Alt Fees and the Billable Hour (again . .)

Ok so discussing and debating alternative billing (fee arrangements, fee engagements, or whatever phrase one uses to describe anything but billable hours) is not new or novel. Yet recently there has been am uptick in conversation from the likes of legal innovators like Paul Lippe and Jeff Carr (I am realizing I mention them a lot – but for good reason I argue) to bloggers like Mary Abraham and Twitterers like Pam Woldow.

In a recent article written for AmLaw by Paul Lippe, I commented that it was not so much the billable hour but the value of what you get for that fee. Meaning in short, sometimes paying $500+/hr for a lawyer’s time may be well worth it. That has nothing to do with the actual billing metric of the “hour.” Indeed this debate is often more about form over substance and it ought to be substance over form. I do not necessarily care if my law firm charges me x amount of dollars by the hour, minute or some other scheme. I just care that for whatever I am charged I receive equal (if not more) value for that. See more on this at Adam Smith.

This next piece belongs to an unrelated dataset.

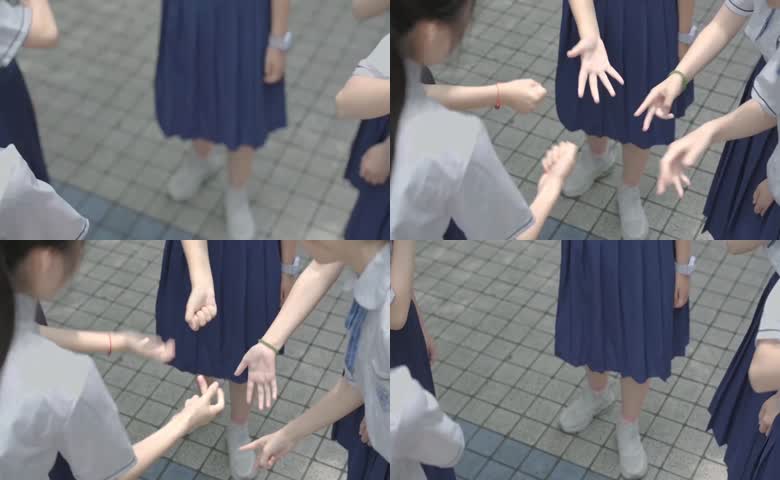 女学生玩石头剪刀布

Now I recognize that the billable hour has been demonized by many as a vehicle for over padding, inflating or otherwise inaccurately accounting for the total work a firm or lawyers does. However, that speaks more of the firm ‘s ethics rather than the metric of the billable hour. If someone is going to cheat you, they will find a way.

This brings into light another blog entry by Mary Abraham that has experienced a lot of debate in the last few days. In her September 1st entry, Mary discussed an Australian firm’s technology that allows for greater transparency into its workflow and work product. The debate on-line has been centered on just what level of transparency is needed within the practice of law. Some argue that all the client should see is the end product. While others argue that there should be no more “man behind the curtain” and that firms should open up their practices and work product creation to their clients. Regardless of which argument one makes I will state that any tool a firm can offer that allows this type of transparency is a great thing for the industry. Clients in the end will determine if they want to use it or not. Any time a firm can offer a client something new, innovative, and unique – the client can choose to take advantage of it or not depending on its own culture and practices.

The billable hour has often been seen as a cloak for firms to hide much of the particulars about what they do. Flat fee can be no different in many ways. The only true method a client can use to determine whether they are receiving value for fees is to know more about exactly what the firm did and how it did it. Then the clients can make the determination themselves. This new technology can certainly help. And that is a good thing.